▸ **What the exercise asks**
Keep every word of the entries and print them exactly; the pictures stay out.

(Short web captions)
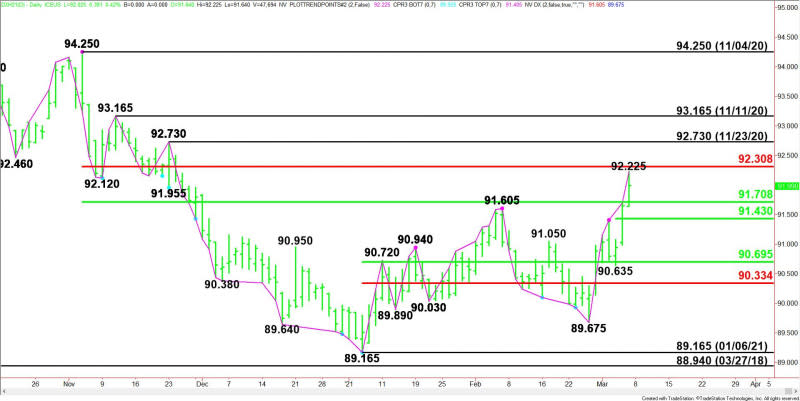 Daily March U.S. Dollar Index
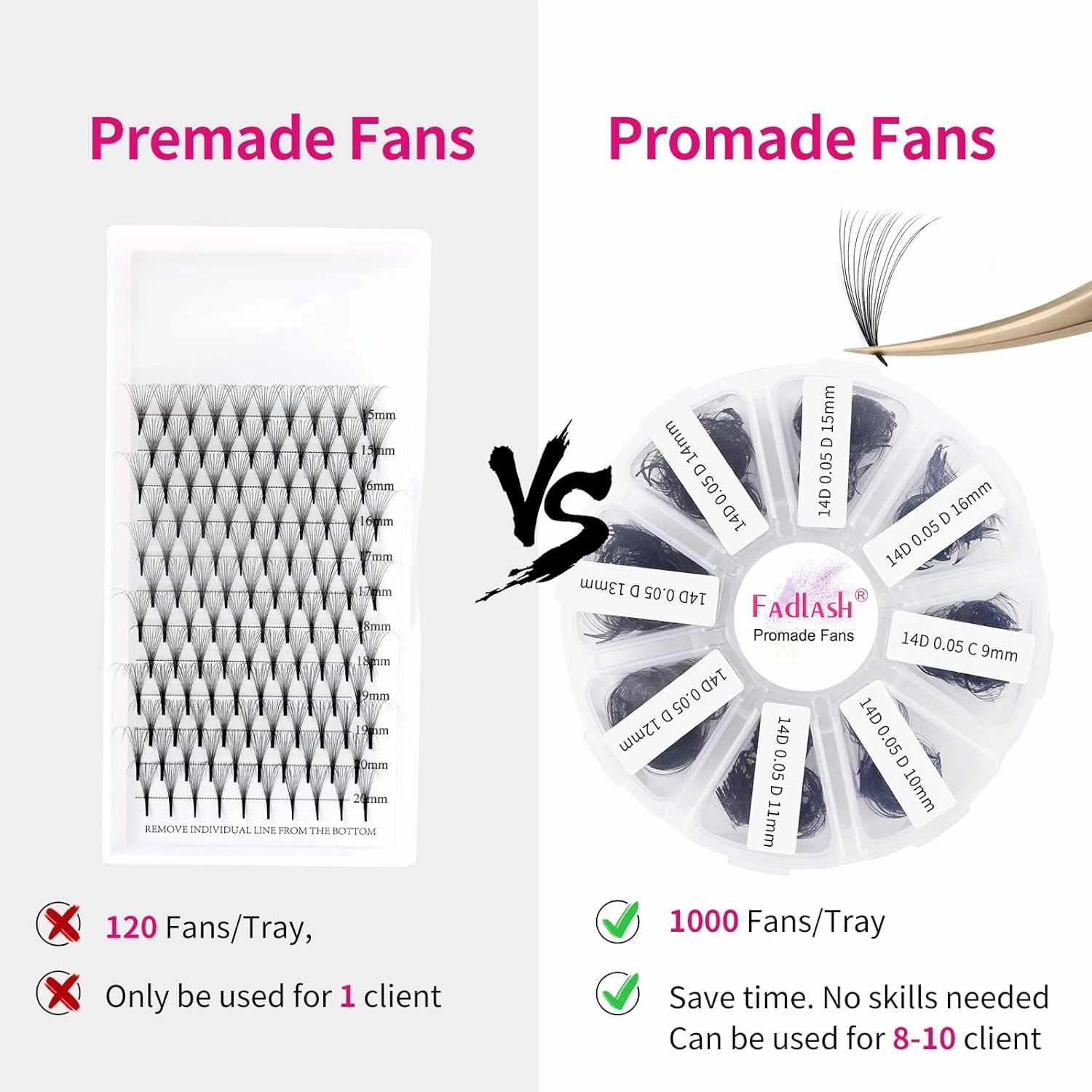 Lash Extension 1000pcs Mixed Premade Fans Eyelash Extensions D Curl Promades Eyelash Volume Lash Extensions Loose Fans Pre Made Volume Lashes Pointed Base (14D-0.05D, 9-16mm)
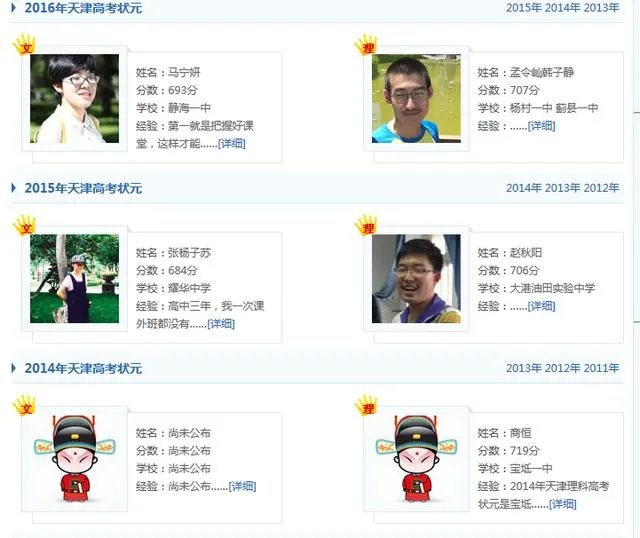 今年各省的高考理科状元都有谁？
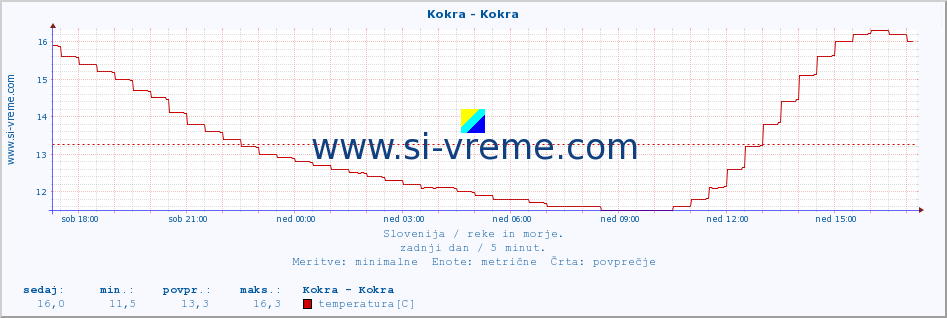 POVPREČJE :: Kokra - Kokra :: temperatura | pretok | višina :: zadnji dan / 5 minut.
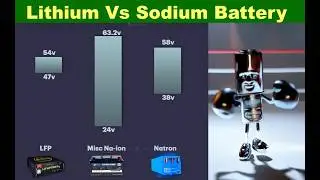 Sodium ion Vs LFP battery.  Battery Spec Battle!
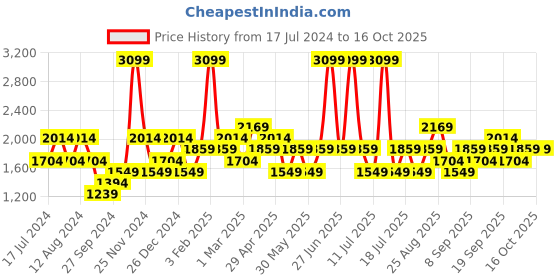 myntra.com JC HOME Navy Blue & White Single Bedding Set jc home Price History Graph from 17 Jul 2024 to 15 Oct 2025
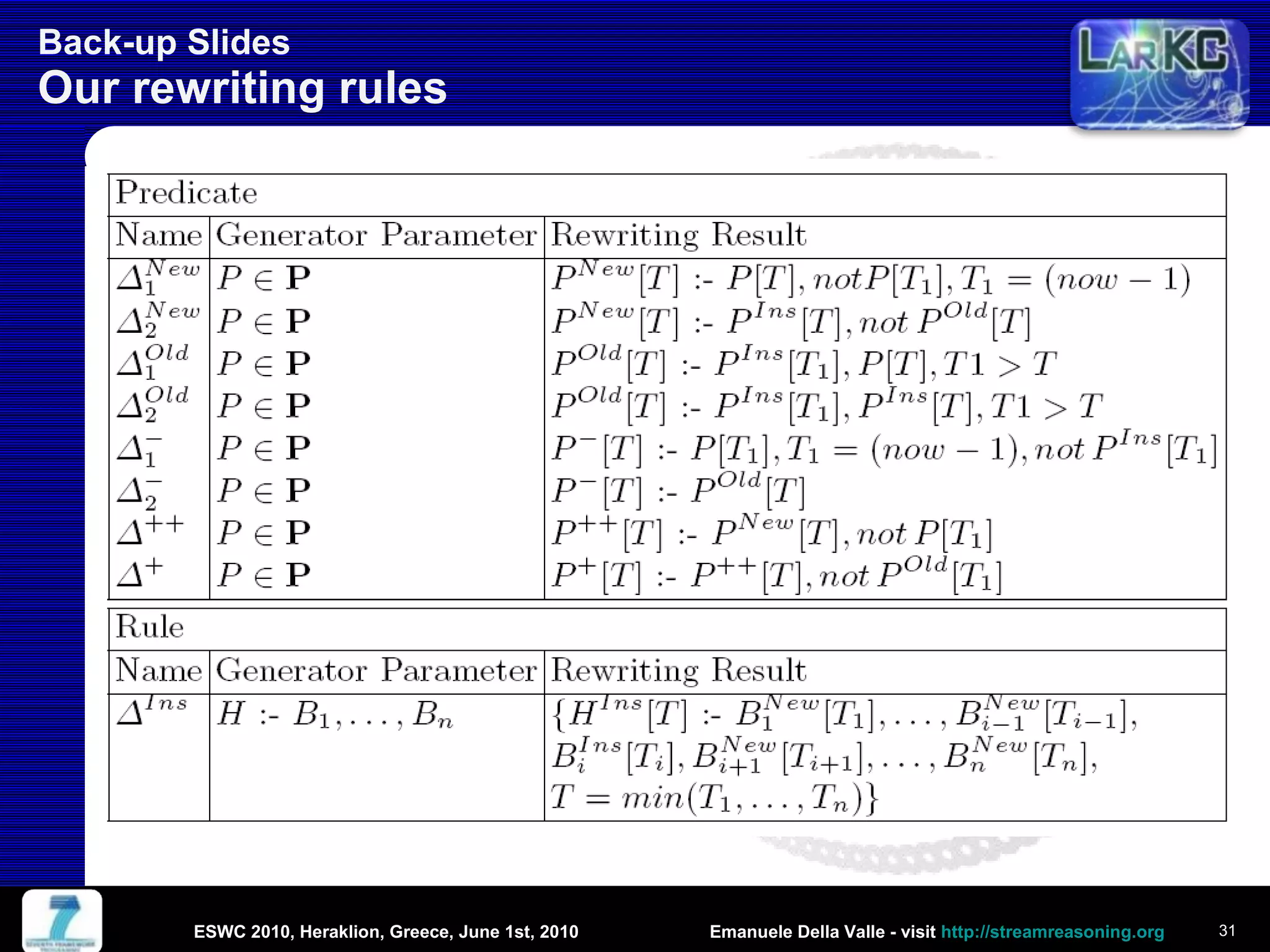 Incremental Reasoning on Streams and Rich Background Knowledge | PPT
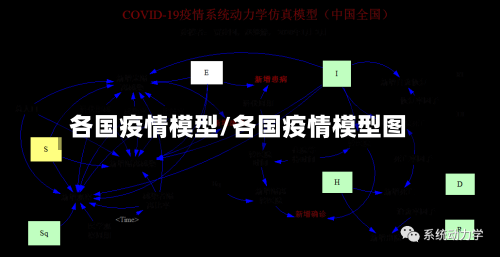 各国疫情模型/各国疫情模型图-第3张图片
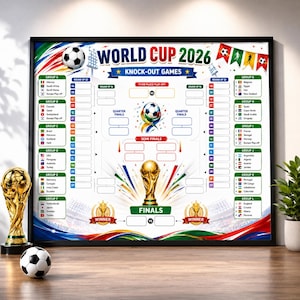 Puede incluir: Un póster enmarcado del cuadro de eliminatorias de la Copa Mundial 2026 con una ilustración central del trofeo, grupos de equipos con banderas nacionales y espacios en blanco para resultados. Incluye balones, banderas y colores.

▸ **Exercise output**
 Daily March U.S. Dollar Index
 Lash Extension 1000pcs Mixed Premade Fans Eyelash Extensions D Curl Promades Eyelash Volume Lash Extensions Loose Fans Pre Made Volume Lashes Pointed Base (14D-0.05D, 9-16mm)
 今年各省的高考理科状元都有谁？
 POVPREČJE :: Kokra - Kokra :: temperatura | pretok | višina :: zadnji dan / 5 minut.
 Sodium ion Vs LFP battery.  Battery Spec Battle!
 myntra.com JC HOME Navy Blue & White Single Bedding Set jc home Price History Graph from 17 Jul 2024 to 15 Oct 2025
 Incremental Reasoning on Streams and Rich Background Knowledge | PPT
 各国疫情模型/各国疫情模型图-第3张图片
 Puede incluir: Un póster enmarcado del cuadro de eliminatorias de la Copa Mundial 2026 con una ilustración central del trofeo, grupos de equipos con banderas nacionales y espacios en blanco para resultados. Incluye balones, banderas y colores.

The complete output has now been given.